When the line with "MOUSE ALÁMBRICO HYPERX" comes up, set it down and every later line to the end of the data, exactly and without pictures.

=== Exercise materials ===

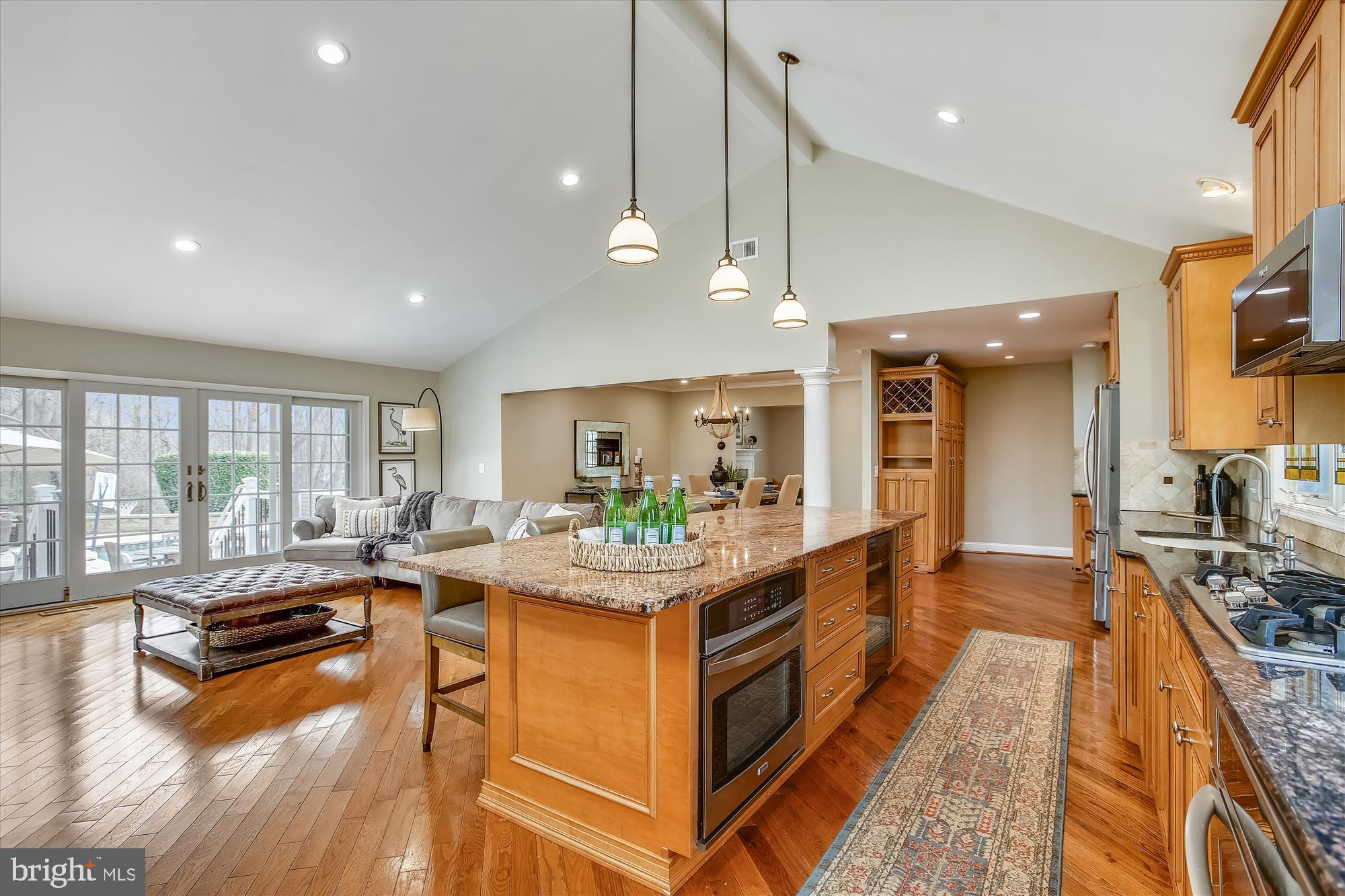 502 Walker Road Great Falls, VA 22066 - Photo 15 of 92 Gallery Image 15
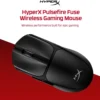 MOUSE ALÁMBRICO HYPERX PULSEFIRE FUSE RGB | NEGRO
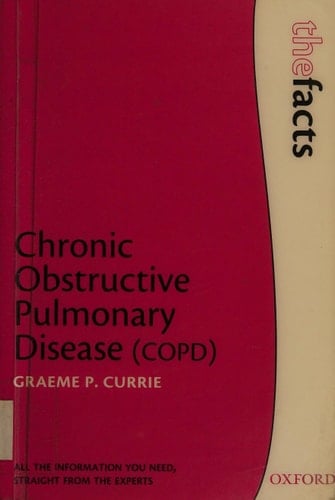 COPD (The Facts Series)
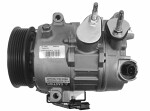 Airstal  Compressor,  air conditioning 10-6202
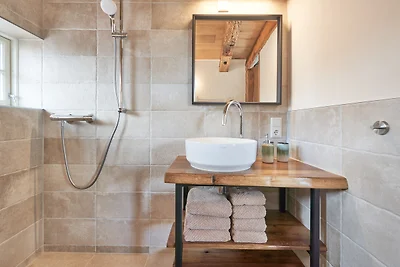 Ferienhaus Kleine Oase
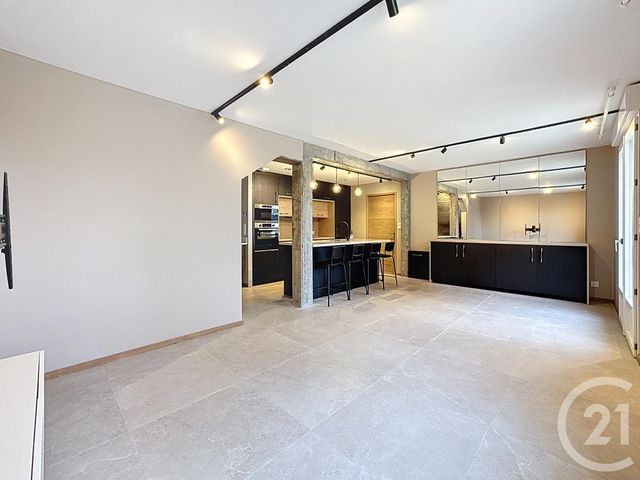 maison à louer - 5 pièces - 122.45 m2 - GUIPAVAS - 29 - BRETAGNE - Century 21 Associés Conseils Immobilier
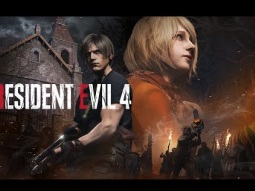 رزدنت ايفل 4 ريميك (الحلقة الاولى) | Resident Evil 4 Remake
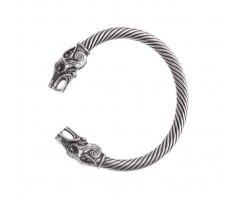 Браслет с драконами SB079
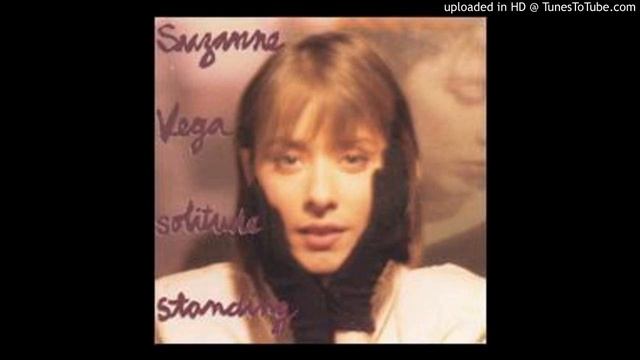 Suzanne Vega - Night Vision смотреть онлайн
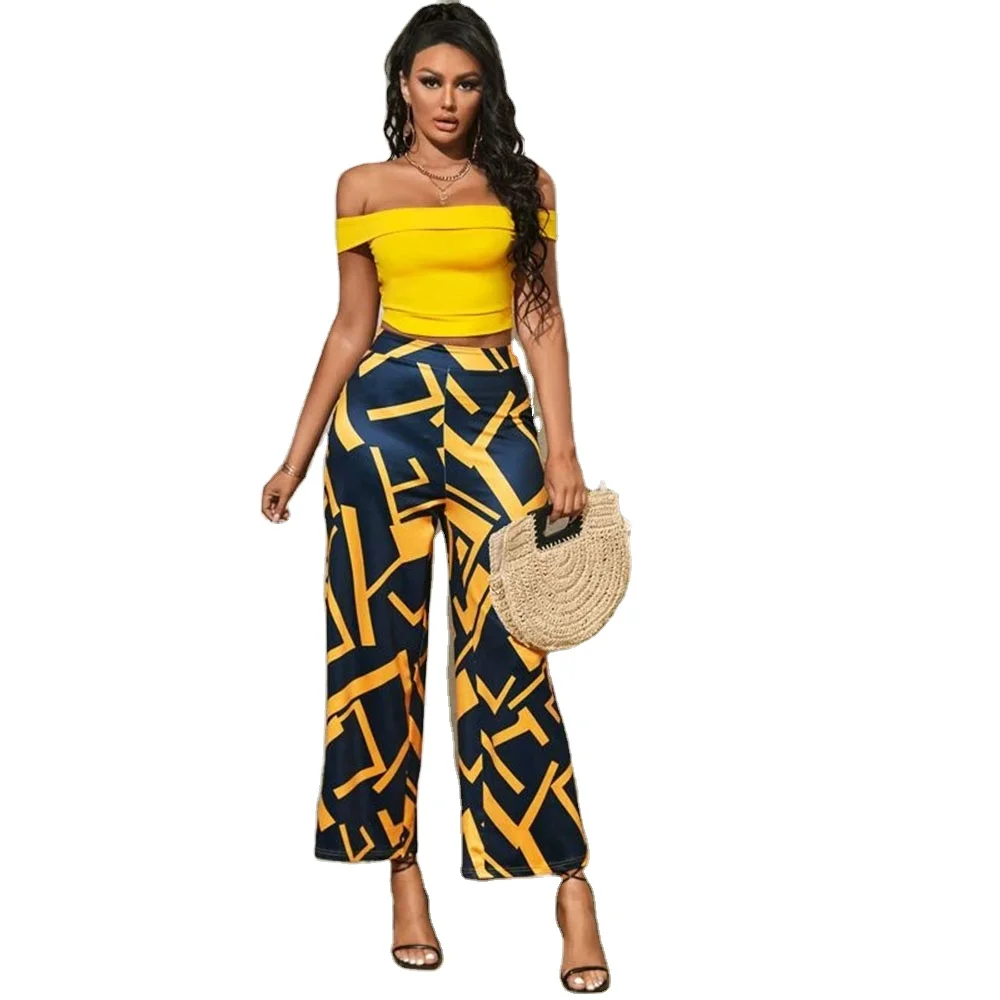 traditional pants outfits for ladies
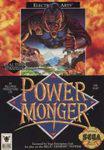 Powermonger New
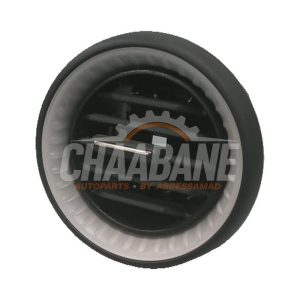 Aerateur tableau de bord 6F0819203J Seat Ibiza 2017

===

● **Answer to the exercise**
 MOUSE ALÁMBRICO HYPERX PULSEFIRE FUSE RGB | NEGRO
 COPD (The Facts Series)
 Airstal  Compressor,  air conditioning 10-6202
 Ferienhaus Kleine Oase
 maison à louer - 5 pièces - 122.45 m2 - GUIPAVAS - 29 - BRETAGNE - Century 21 Associés Conseils Immobilier
 رزدنت ايفل 4 ريميك (الحلقة الاولى) | Resident Evil 4 Remake
 Браслет с драконами SB079
 Suzanne Vega - Night Vision смотреть онлайн
 traditional pants outfits for ladies
 Powermonger New
 Aerateur tableau de bord 6F0819203J Seat Ibiza 2017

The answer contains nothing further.